5. Isle of North and South Uist
The Outer Hebrides are also known as the Western Isles. The islands are sub-divided into two groups- The Inner Hebrides to the east and The Outer Hebrides to the west; these groups are separated from each other by means of channels called Minch and Little Minch.
The North Uist can be reached by riding a ferry from Uig on Skye to Lochmaddy. This island is located at the center of the Outer Hebrides. The Hebrides contain more than 40 islands. North Uist is popular for walkers, bird watchers, cyclists, and motor homers.
The South Uist is known for its mountain scenery. The place is populated with different kinds of craft shops and cottage museums. The place is also known for fishing and bird watching.
6. Isle of Harris & Lewis
These islands are known as “The Long Islands”: as they stretch to 100 miles. The Isle of Harris is joined to the Isle of Lewis and are separated by a short border. These islands are known for attracting visitors for their seemingly beautiful wildlife, sporting adventures, boat trips, historical attractions, and the deserted, powder-white sand beaches.
Drive to Luskentyre, an extensive, long golden sand beach with clear and fresh turquoise Atlantic waters and a completely isolated environment. The Isle of Harris is a destination designed to rest, to forget schedules and duties, and give yourself a few days without tasks to do, with no more obligation than to enjoy every minute you spend there.
Seeking for a great place to escape the bustle of the city and spend some time in the wild? Lickisto Blackhouse is the place to be. The camp site is located in a natural landscape on the east coast Harris Island of Scotland overlooking the Minch. The campsite is made of unique temporary accommodation units called yurts. The guests also have access to the “Blackhouse”, a permanent stone hut where they can cook or hang out.
7. Back to the mainland
As you head towards home, you’ll go back to the Trossachs and throw a last glance at Loch Lomond. While looking back at the ferry rides, sandy beaches, the trekking and the Highland culture, you’ll realize you just experienced sheer magic.
Download route on Google Maps
When to go?
The summer months of June, July and August are regarded as high season, and can be the best time to visit, although July and August also are the busiest period.
However, if you enjoy midge-free strolls, mild temperatures and long daylight, May and September are meant for you.
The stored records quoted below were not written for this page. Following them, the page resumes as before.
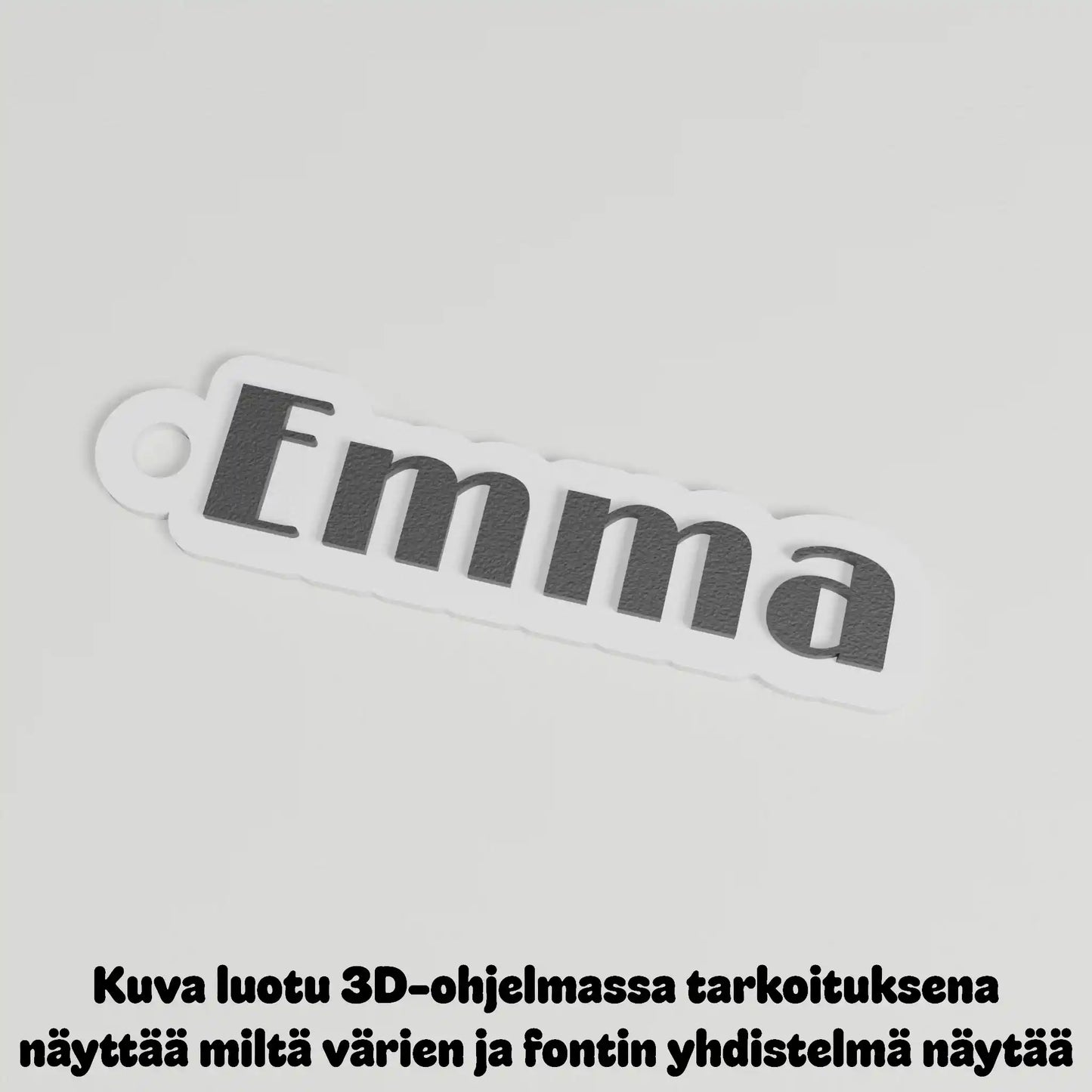 Avaimenperä omalla nimellä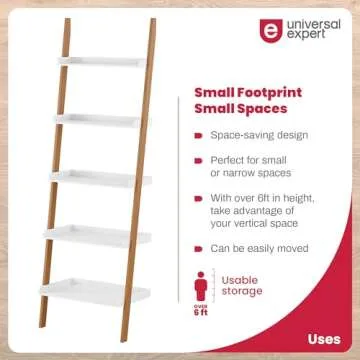 Universal Expert Remus Ladder Bookshelf Oak White
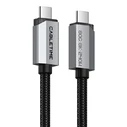 Cabletime Braided USB 2.0 Cable USB-C male - USB-C 240W Μαύρο 1m CT-USB4V2-AG1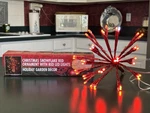 Snowflake Ornament W/48 Led Lights - 40 Red & Twinkling White Alpine Corp. New. Fixed Price $12.99.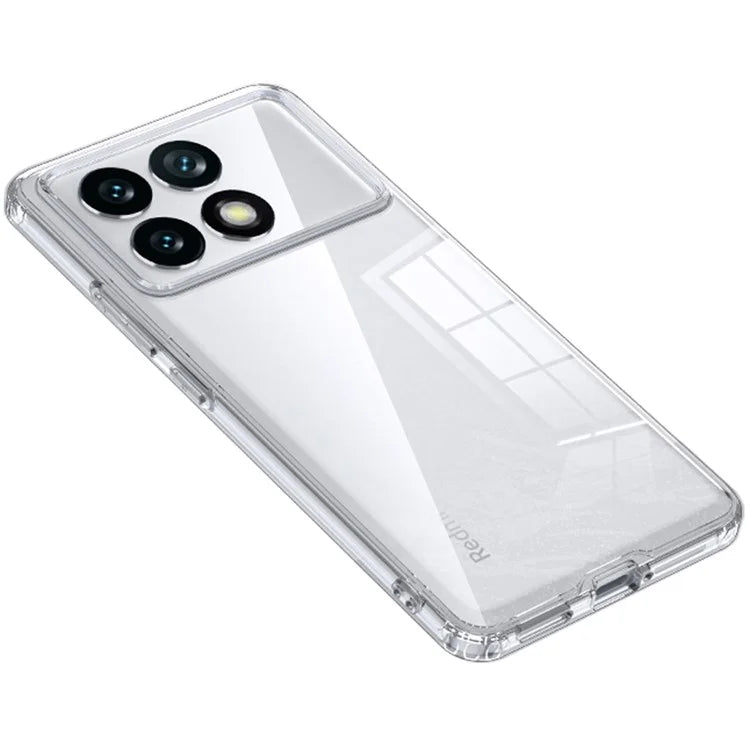 For Xiaomi Redmi K70E 5G / Poco X6 Pro 5G Case Reinforced Corner TPU + PC Phone Back Shell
Haggis: the dish can be enjoyed in many shapes and forms. It is an aromatic dish containing sheep’s pluck, crumbled with onions, oatmeal, spices, and salts. The dish is traditionally wrapped in animal’s stomach, although the description may not sound appetizing the dish has an excellent aroma and delicious flavor.
The Hebrides is known for its unbeatable whisky distilleries like The Hebridean Brewing Company, Isle of Harris Distillery and also for one of the best Tea Stores: The Hebridean Tea Store
Braveheart. This award-winning story by Mel Gibson in 1995 covers a potent story of Scotland’s most famous freedom fighter “William Wallace”. In the film, the sublime Highland landscape was beautifully showcased. As soon as you enter the Scottish glens and mountains, you can imagine the swords, kilts, and the plucky Highlanders.